The people of the United States elect a president every four years, but not directly. Here’s how it works:
1. In November of a presidential election year, each state holds an election for president in which all eligible citizens may vote. Citizens vote for a “ticket” of candidates that includes a candidate for president and a candidate for vice president.
2. The outcome of the vote in each state determines a slate of electors who then, in turn, make the actual choice of president and vice president. Each state has as many electors as it has senators and members of the House of Representatives, for a total of 538. (The District of Columbia gets three electors even though it has no representation in Congress.)
3. In December, the electors meet in their respective state capitols to cast their ballots for president and vice president. States may or may not require their electors to vote with the popular majority, and they may or may not give all of their electors to the winner of the statewide popular vote.
4. These ballots are opened, counted, and certified by a joint session of Congress in January.
5. If no candidate wins a majority of the electoral votes or if the top two candidates are tied, the House of Representatives selects a president from among the five candidates with the most votes. Each state’s delegation has a single vote. The Senate selects a vice president by the same process. (This hasn’t happened since 1876, but it almost happened in 2000.)

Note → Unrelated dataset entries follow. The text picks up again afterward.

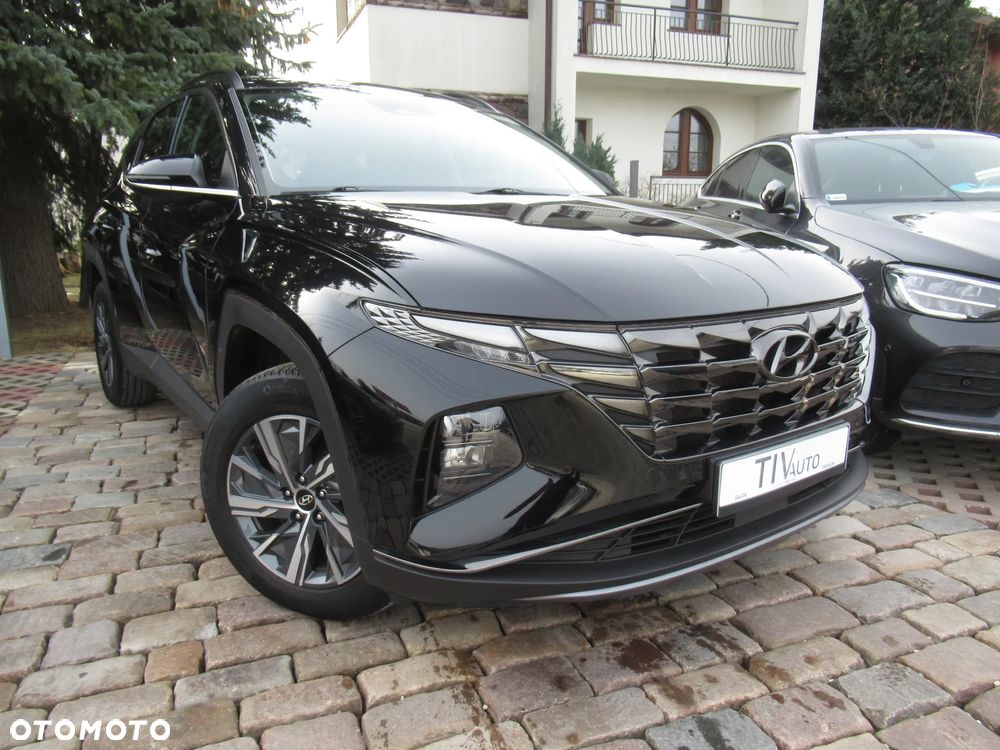 Hyundai Tucson 1.6 T-GDi HEV Executive 2WD - 1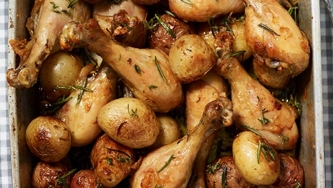 Casserole de pilons de poulet et de pommes de terre à l'ail et au romarin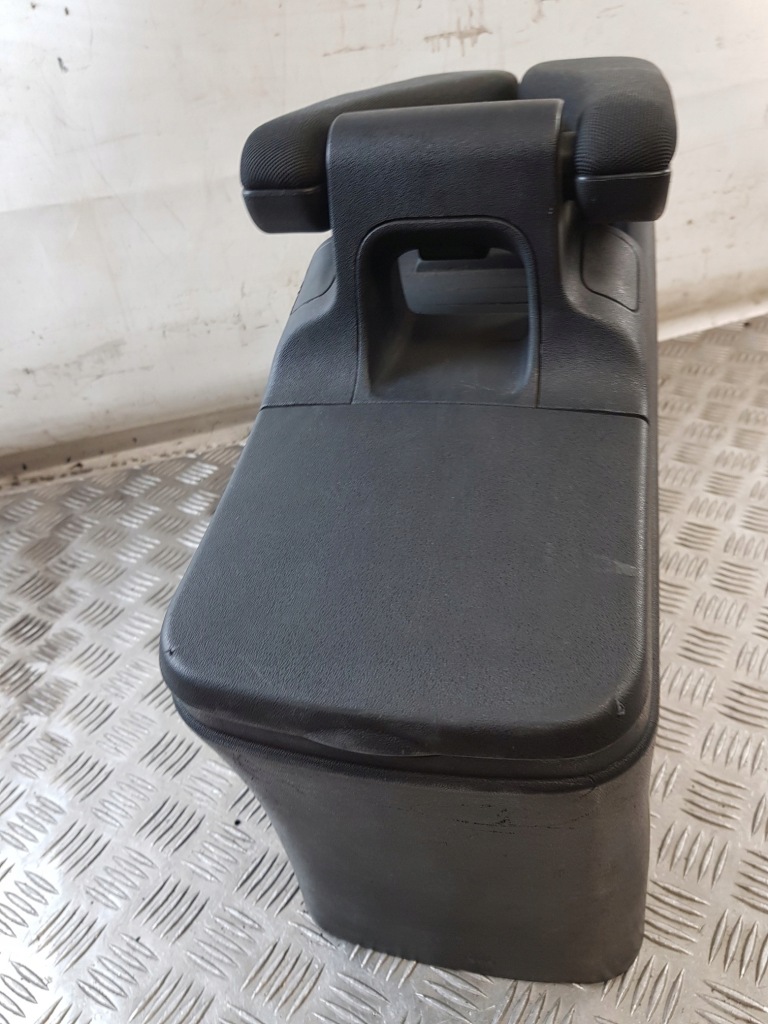 Туннель средний подлокотник renault megane ii рестайлинг Оригинал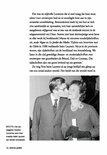 Zwart-witfoto van Yves Saint Laurent die zijn moeder kust.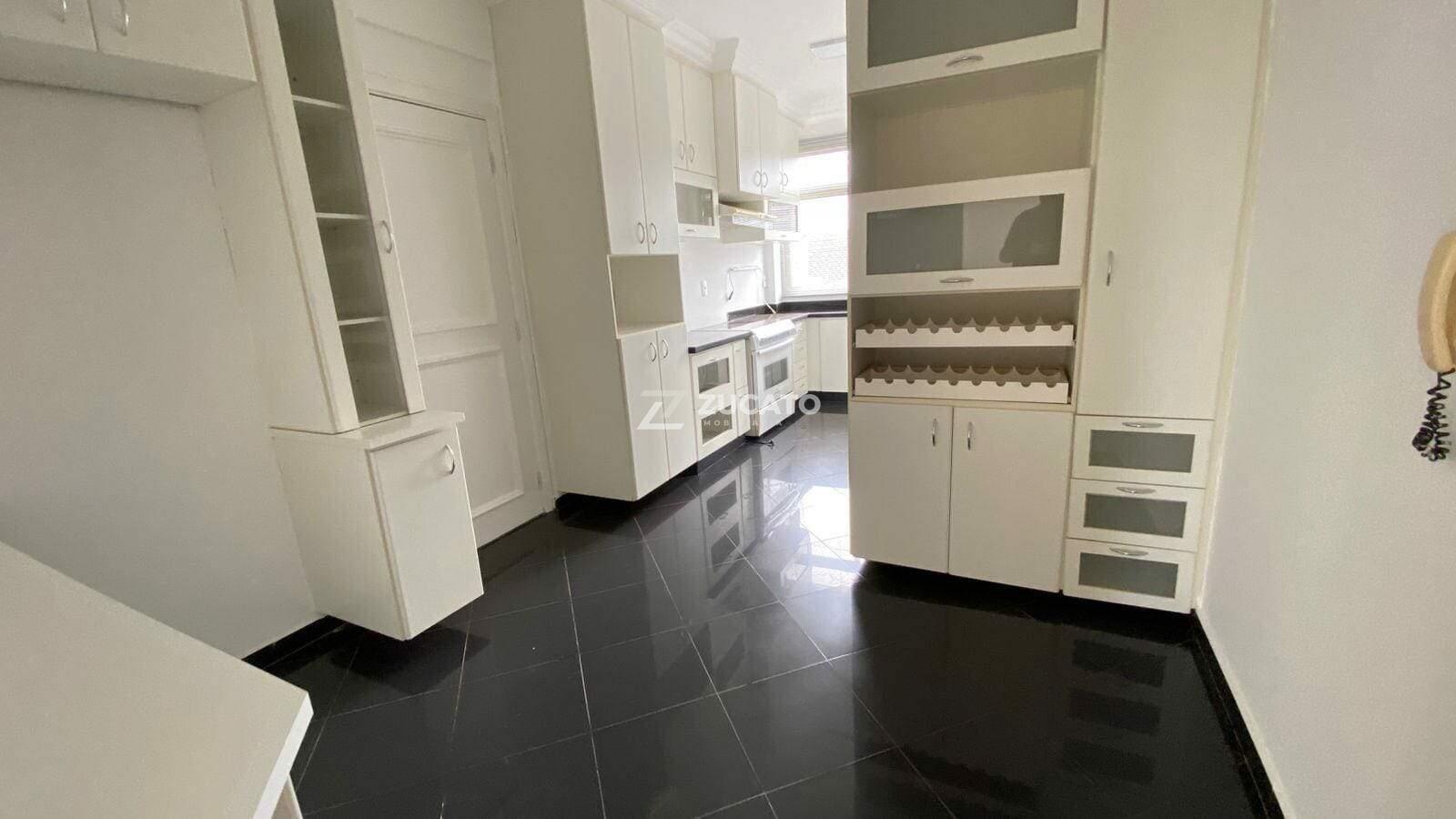 Apartamento à venda no Mercês: 
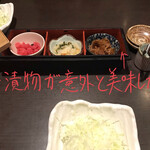 Tonkatsu Misoya - 松阪ポーク 超厚切りロースかつ定食[270g] 3280円
                        お漬物のアップ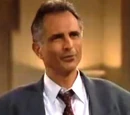Joe Scully (Robert Miano)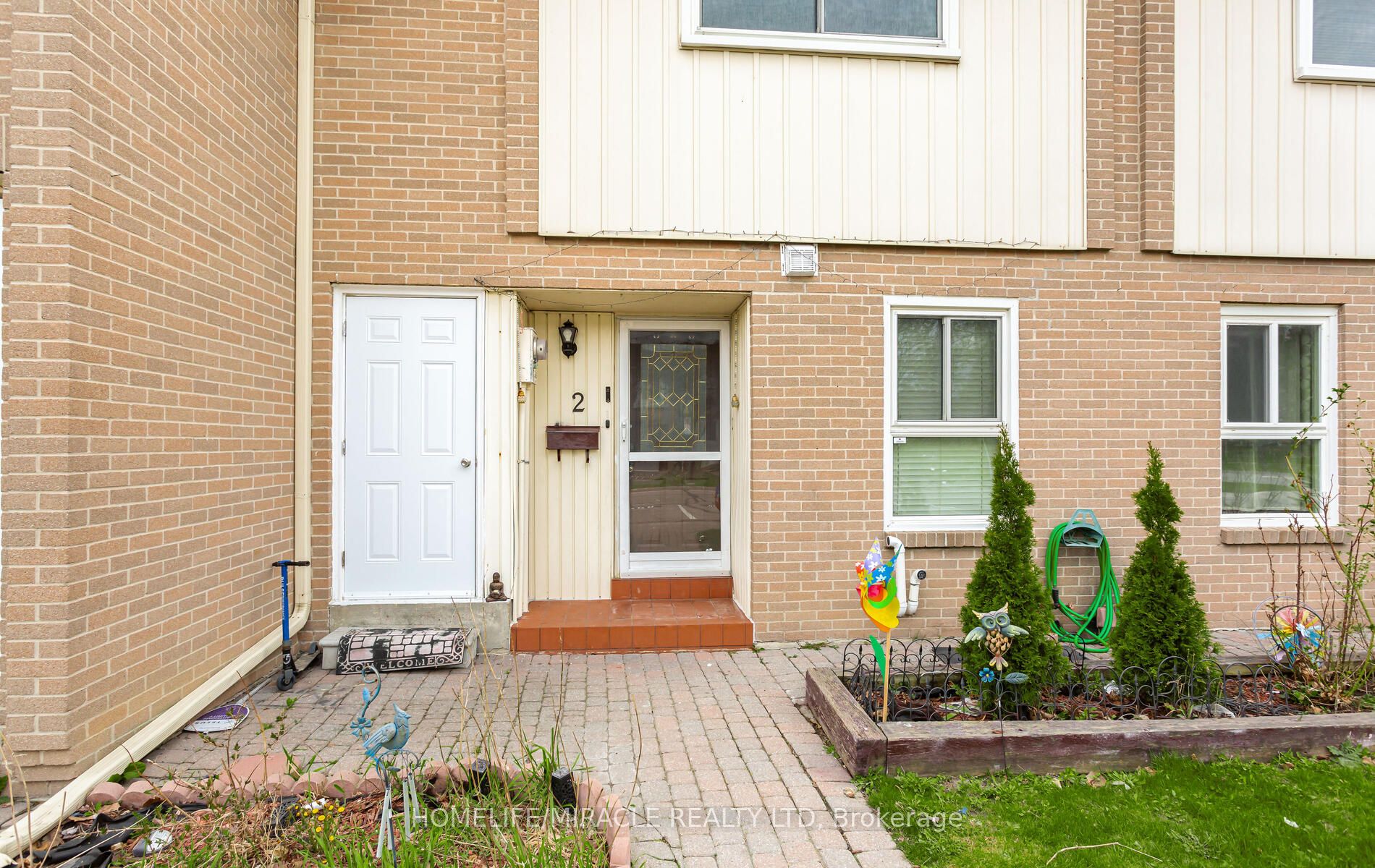 #2 - 2 Craigleigh Crescent, Brampton, ON L6T 2E3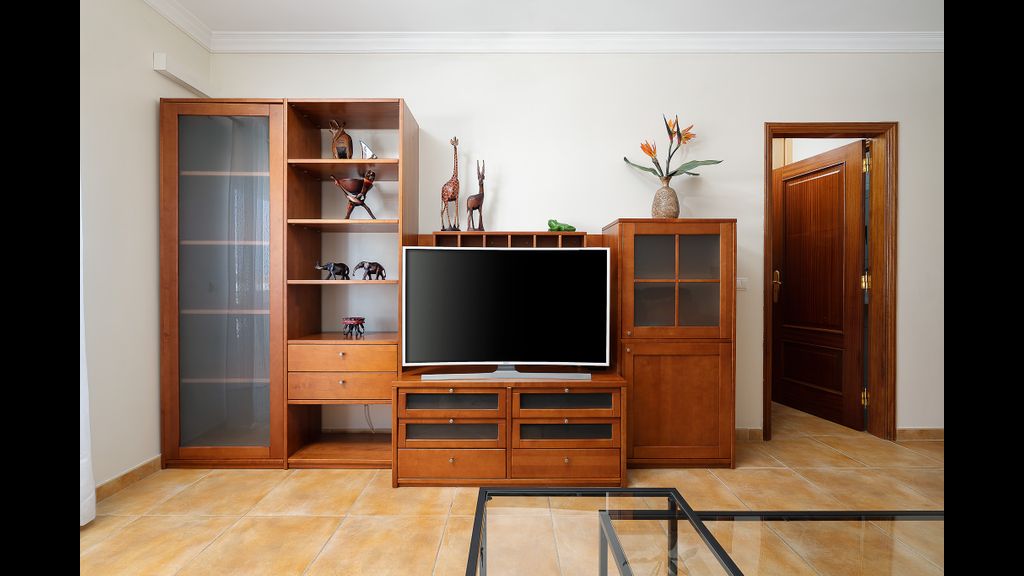 Comfy 4BDR Apartment in Portimão by LovelyStay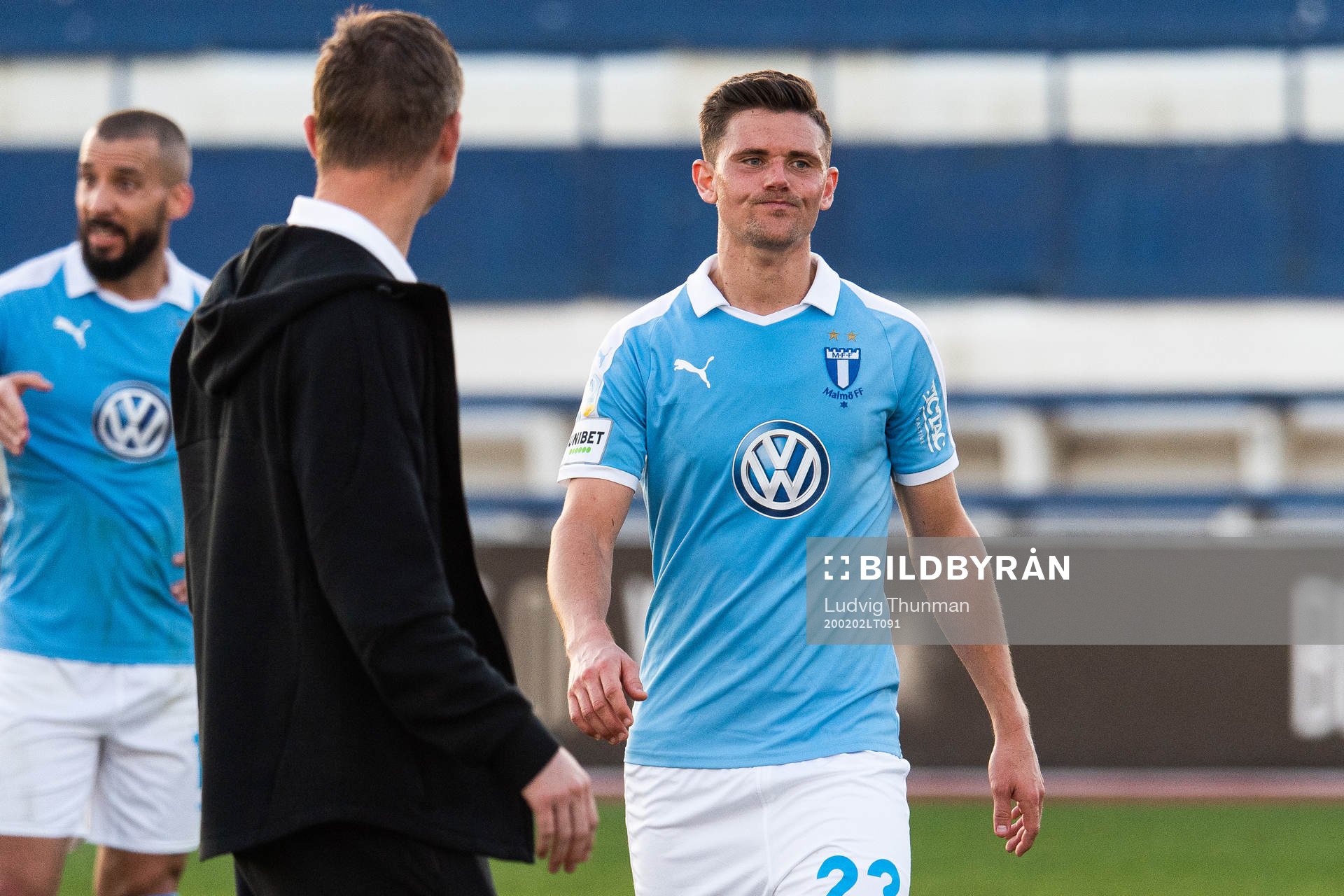 Marcus Antonsson of Malmö FF looks dejected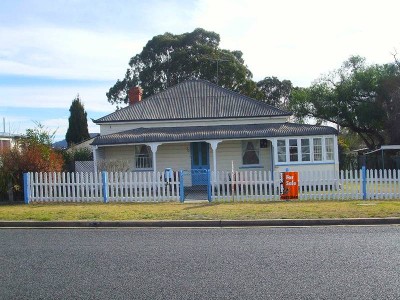 Older Style Home Picture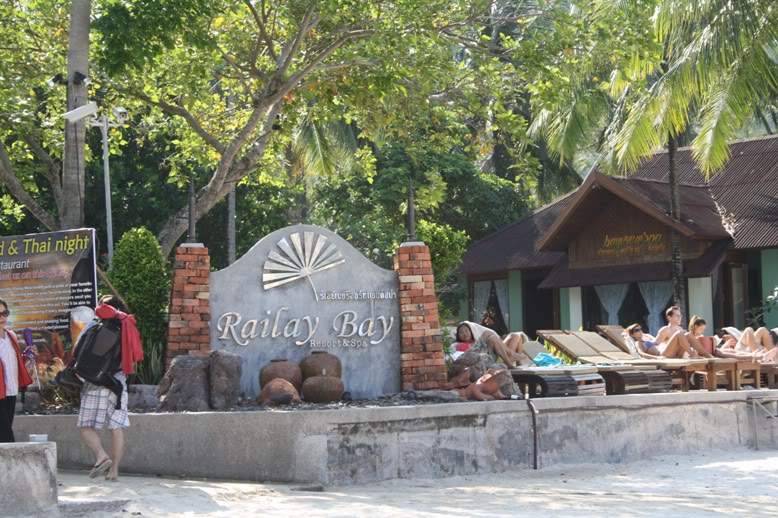 ai322.photobucket.com_albums_nn423_gfrz_Tailandia_Railay_IMG_1368.jpg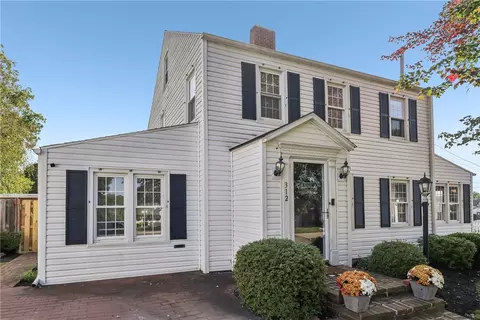 312 Johnston Dr, Ellwood City, PA 16117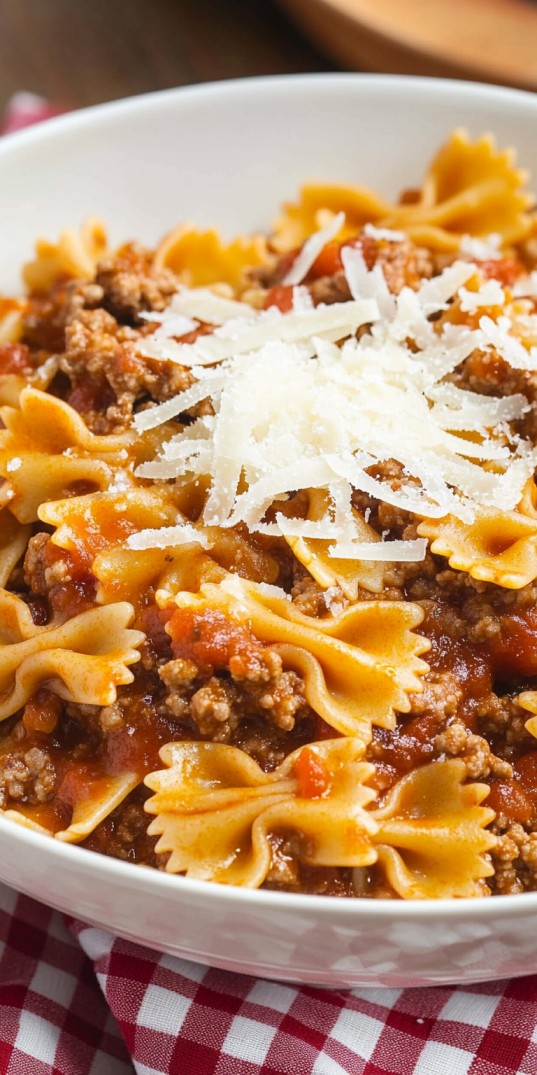 Cheesy Beef and Bowtie Pasta in Garlic Butter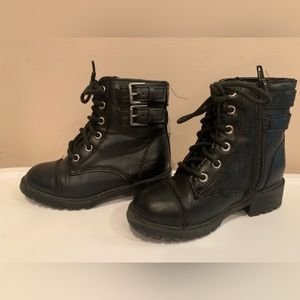 Girls Fashion Combat Boots. Size 8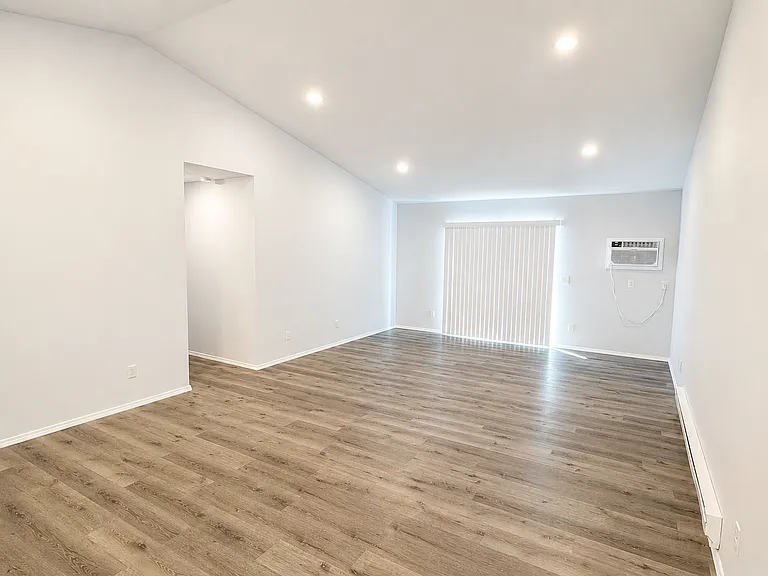 2489 Chestnut Dr — Photo 6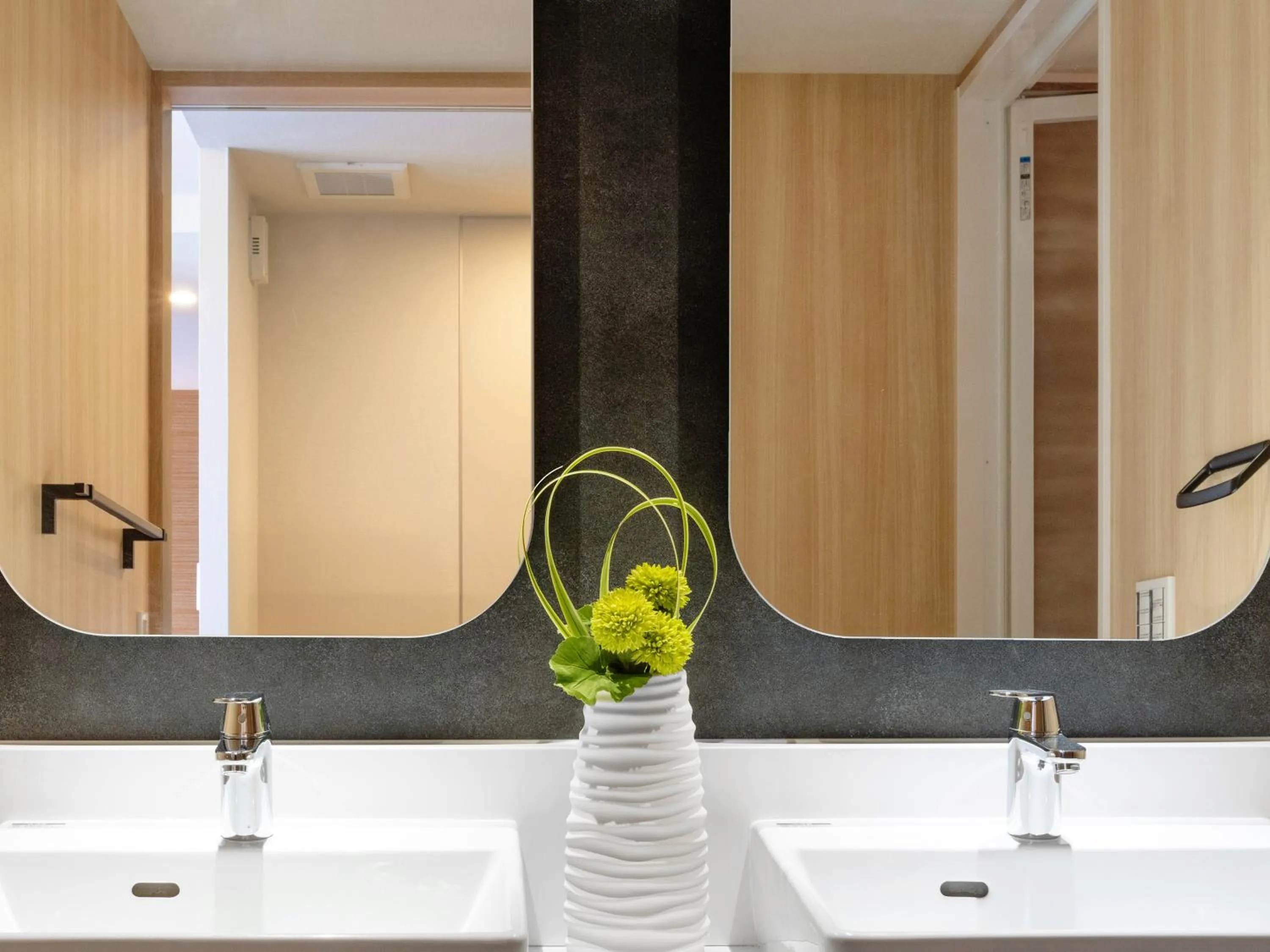 Bathroom in MIMARU Tokyo Asakusa Station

What does this mean in practice? It means, as everyone learned or was reminded in 2000, that the candidate who receives the most votes nationwide does not necessarily become president. There is no national election for president, only separate state elections. For a candidate to become president, he or she must win enough state elections to garner a majority of electoral votes. Presidential campaigns, therefore, focus on winning states, not on winning a national majority.

It also means that — at least in theory — electors can thwart the popular will and vote for a candidate not supported by the voters of their state. In practice, however, electors are pledged to cast their votes in accordance with the popular vote, and “faithless electors” who go against the popular vote are extremely rare.

WHY NOT A POPULAR VOTE?
(AN HISTORICAL PERSPECTIVE)

When we’re debating whether some aspect of the Constitution makes sense, it’s useful to think of the Constitution as an experiment — as a work in progress. Some of its original framers referred to it that way, as a Great Experiment in democracy. In 1787, no republic like the United States existed anywhere in the world. The “founding fathers” were making things up as they went along, looking at history, philosophy, and what they did and didn’t like about existing governments in Europe and America. And not all of them agreed — in fact, many of them disagreed completely, even on important issues such as how much power the people should have.

The electoral college was a compromise on two important issues: The first was how much power the people should have, and the second was how much power small and large states should have.